Commonly, opponents of the contemporary utility of maneuverism point to battles like those in Fallujah in 2004 as damning evidence of maneuver battlegroups being stymied by the urban environment. In an excellent episode of the Modern War Institute’s Urban Warfare Project Podcast, Lt. Gen. James Rainey spoke about his experience as a battalion commander during the Second Battle of Fallujah, noting that the urban terrain gave his enemy a 20:1 advantage, rather than the customary 3:1 ascribed to the defending force in more open country; moreover, he stated that the city’s importance to the insurgency was as a key logistic base, critical to their efforts in Baghdad. If we apply the tenets of maneuverism, we might ask why the overall commander chose to fight on the terms of the insurgents rather than exploiting their weakness? A maneuverist approach would avoid urban battle, where the opponent is strongest, and instead dislocate the insurgents from the people—a critical vulnerability—by siege, contiguously occupying open spaces, where the insurgents are weakest, interdicting and disrupting their logistic networks on the move. This would be slower, perhaps, but surely more effective and arguably significantly less costly.

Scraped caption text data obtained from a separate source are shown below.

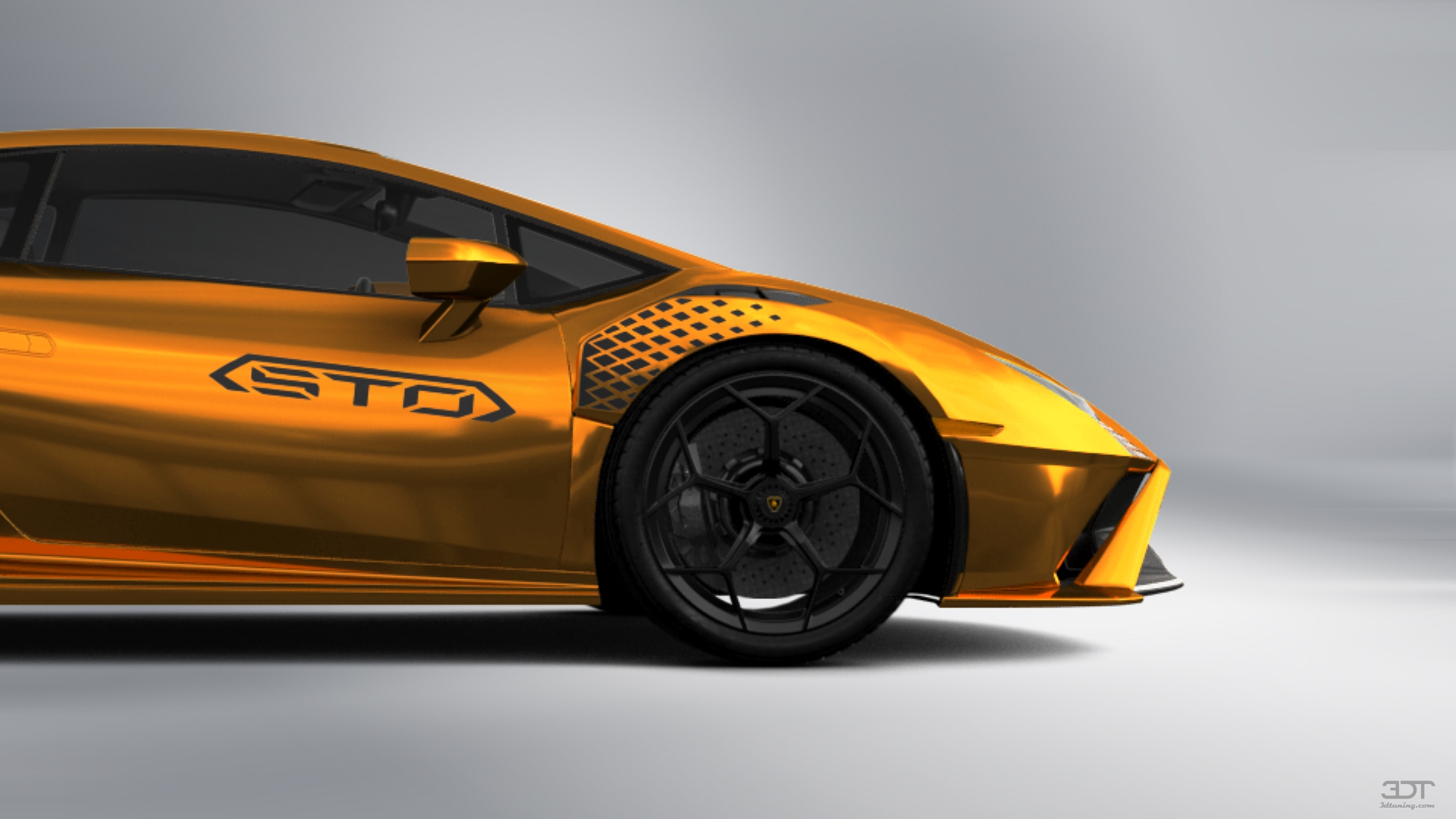 Lamborghini Huracan 2 Door Coupe 2014 tuning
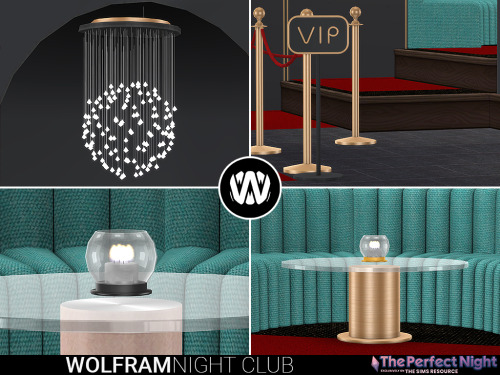 Wolfram Night Club Seating AreaDownload at TSR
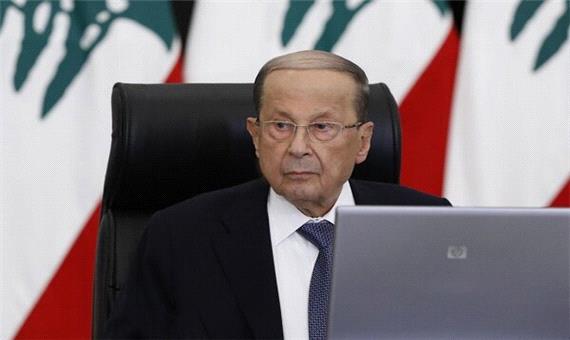 رئیس جمهور لبنان استعفای دیاب را پذیرفت
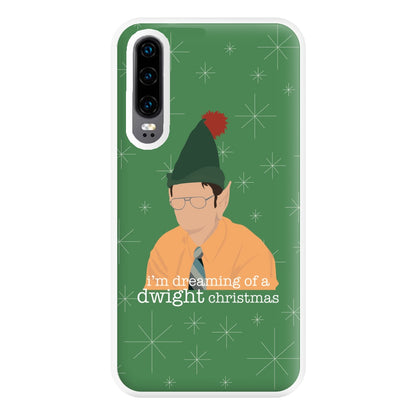 A Dwight Christmas Phone Case for Huawei P30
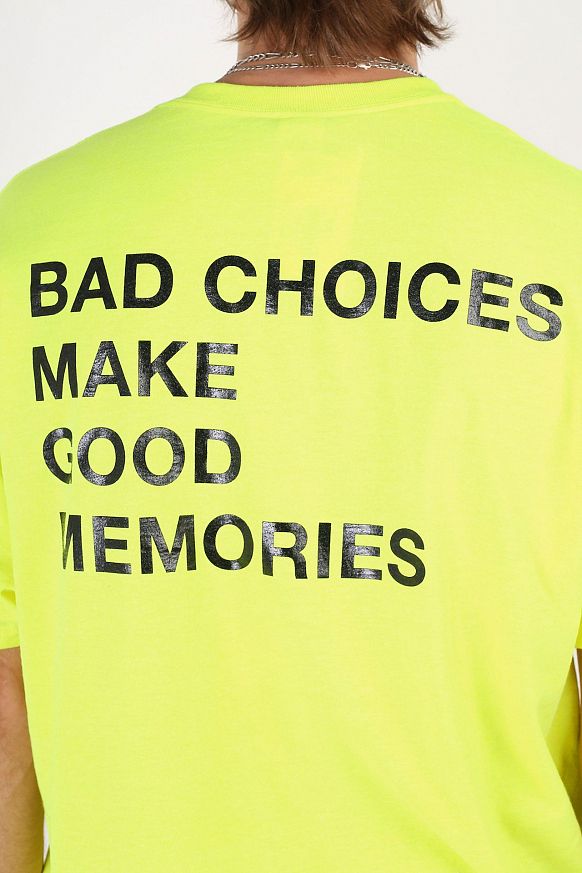 Мужская футболка BLFN LAB Choice (LAB-green) - фото 5 картинки
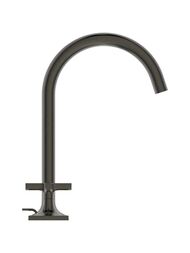 Ideal Standard JOY NEO Смеситель для раковины BD143A5 двухзахватный, донный клапан, серый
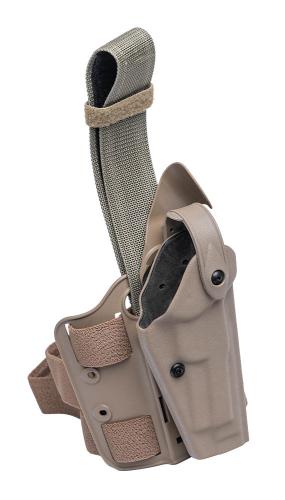 Safariland 6004 SLS Tactical Holster, Beretta 92, Coyote Brown, surplus Safariland 6004 SLS Tactical Holster, Beretta 92, Coyote Brown, surplus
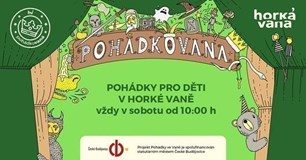 Pohádkovaná aneb pohádky pro děti v Horké vaně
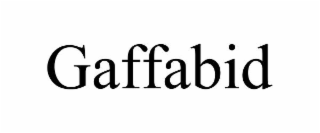 gaffabid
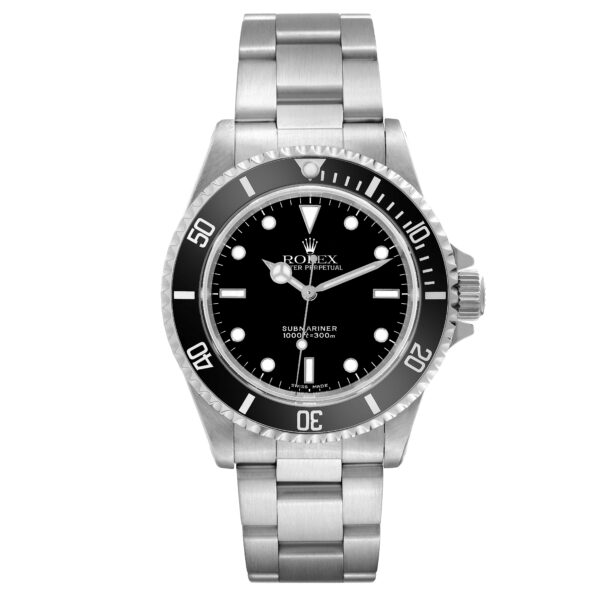 rolex submariner no date 2 liner steel mens watch 14060 box papers 1041 m7siz.jpg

Contrary to the arguments of the attritionists, the recent history of warfare is replete with examples of the successful application of maneuverist principles in an urban environment. In The Art of Maneuver, Robert Leonhard uses the example of Operation Just Cause, the ousting of the Noriega dictatorship from Panama by the United States in 1989–90, as a demonstration of the effectiveness of a maneuverist approach in an urban environment. Successes are not reserved to the twentieth century; the twenty-first has thrown up several successful operations too. In his recent book, Blood, Metal, and Dust, retired Brig. Ben Barry recounts the story of both the 1st UK Armoured Division at Basra in 2003 and the US 3rd Brigade Combat Team, 4th Infantry Division in Sadr City in 2008. In both examples, a blend of tactics was used to dislocate and disrupt the insurgents from their critical vulnerability—the people—leading to their withdrawal and defeat. In both instances, restraint paid dividends, while resort to the use of overwhelming force could have proved catastrophic.

Paradoxically, then, recent observations that appear to highlight the failure of maneuver warfare actually vindicate it. Invariably, the occasional frustrations of Western armies in the contemporary urban environment are not the result of too much maneuverism, but a dearth of it. Rather than seeking to fight in the urban environment, where the West’s technological and doctrinal advantages are neutralized, it should, where possible, be avoided. That is not to say that armies should not train and prepare for it—John Spencer’s campaign for enhanced training and study is entirely laudable—but we must be clear that urban warfare further advantages the defense, rewarding the irregular opponent. Western armies should instead analyze, understand, and counter the enemy and rely on their strengths to prey on underlying weaknesses. In his 1932 book, Lectures on F.R.S III, British military theorist Maj. Gen. JFC Fuller commented that “to attack the nerves of an army, and through its nerves the will of its commander, is more profitable than battering to pieces the bodies of its men.” Maneuverism is a frame of mind, not a prescription.

Paul Barnes is a serving warrant officer in the British Army and a Fellow of the Modern War Institute at West Point. He is also uniquely a Chief of the General Staff’s Fellow and a Chief of the Air Staff’s Fellow; he has seen operational service in Bosnia, Northern Ireland, Iraq and Afghanistan.

The views expressed are those of the author and do not reflect the official position of the United States Military Academy, Department of the Army, Department of Defense, or British Army.